Hugo’s Hedlund House Museum –Discover Our History.
The Hedlund House Museum is located on the SW corner of 4th Ave and 7th St in Hugo.
Nearly a century and a half have passed since William A. Hill, a Civil War veteran from Massachusetts, arrived on this spot.
In those days, cattle comprised the only local industry, and this undeveloped land rested along the stage line between the Willow Springs and Lake stations.
Mr. Hill and his partner operated a general store and trading post, serving the new rail line constructed by the Kansas Pacific Railway Co. in 1870. Mr. Hill filed his homestead claim in 1875 and platted the town that ultimately came to be called “Hugo.”
In 1877, Mr. Hill built this house, and lived in it for nine years. Gip Beasley made his home here for two years, until Mr. Hill moved his family back in, in 1889.
Over the next 18 years, residents of this house included Frank Tompkins (four years), John C. Wilson (six years), L. D. Rockey (five years), and James Dostal (four years).
In 1918, the Peter O. Hedlund family assumed ownership of the house, and for the next 53 years, it was home to three generations of Hedlunds. In 1971, Mertle C. Hedlund donated the home and property to the Town of Hugo. It was her desire that the house should become a museum. The town gratefully accepted Mrs. Hedlund’s gift.
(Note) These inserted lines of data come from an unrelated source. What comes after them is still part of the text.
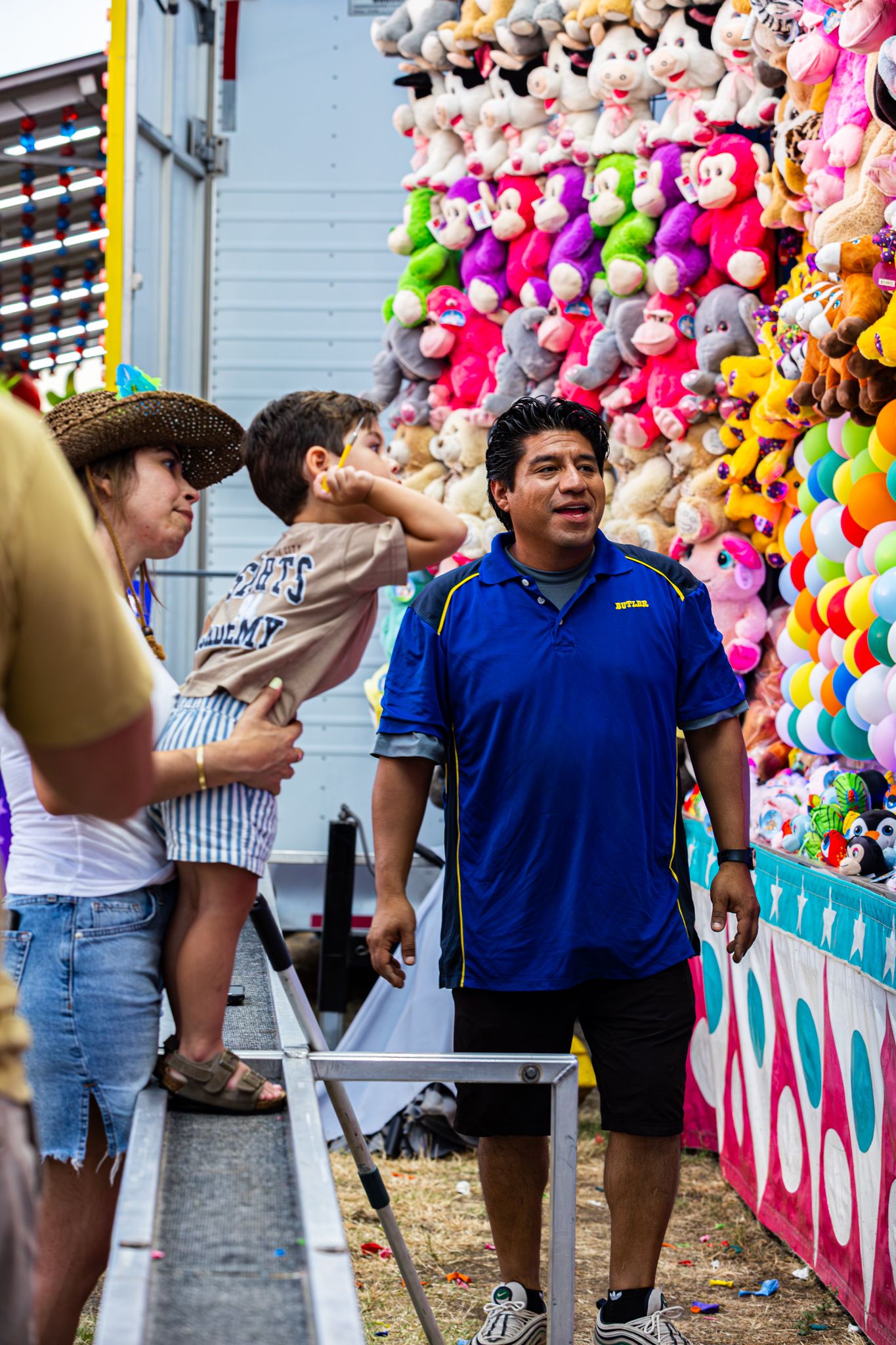 Carnival game booth worker stands near colorful stuffed animal prizes as family with child plays fair game.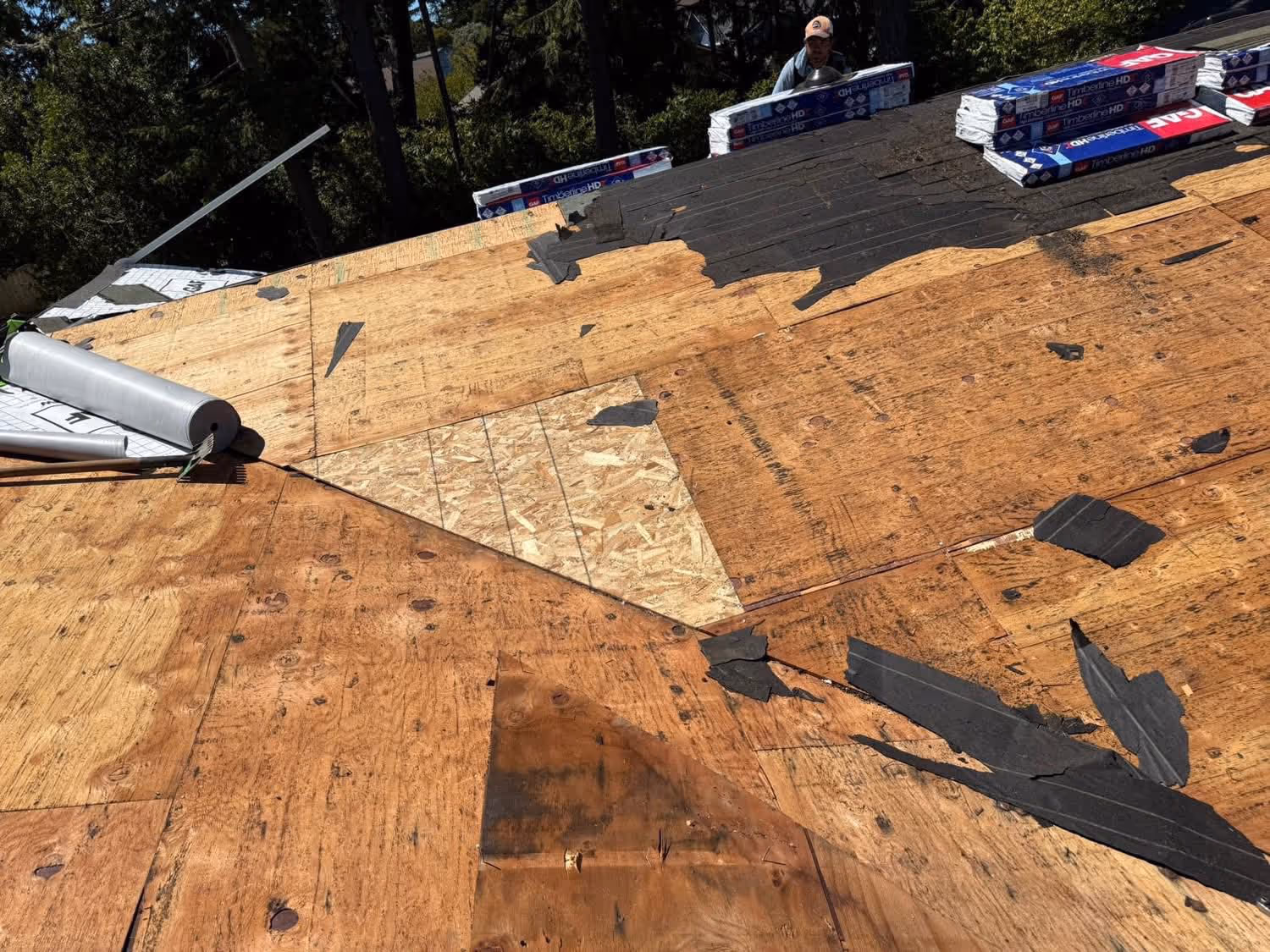 A roof under repair showing exposed plywood sheathing and partially removed old roofing material with roofing shingles stacked on the side.
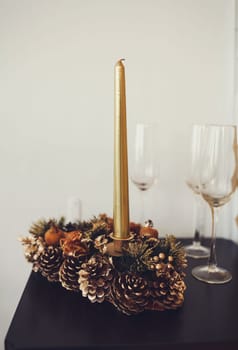 Christmas decoration with candles on wall background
In August of 1972, Lincoln County dedicated the Hedlund House Museum. Items continue to be donated for display in the museum, and the Town has erected another display building just north of the Hedlund House. While the Town of Hugo pays for maintenance, the museum is staffed entirely by volunteers. Thousands of people have toured the Hedlund House over the past and we invite you to see what they have already discovered.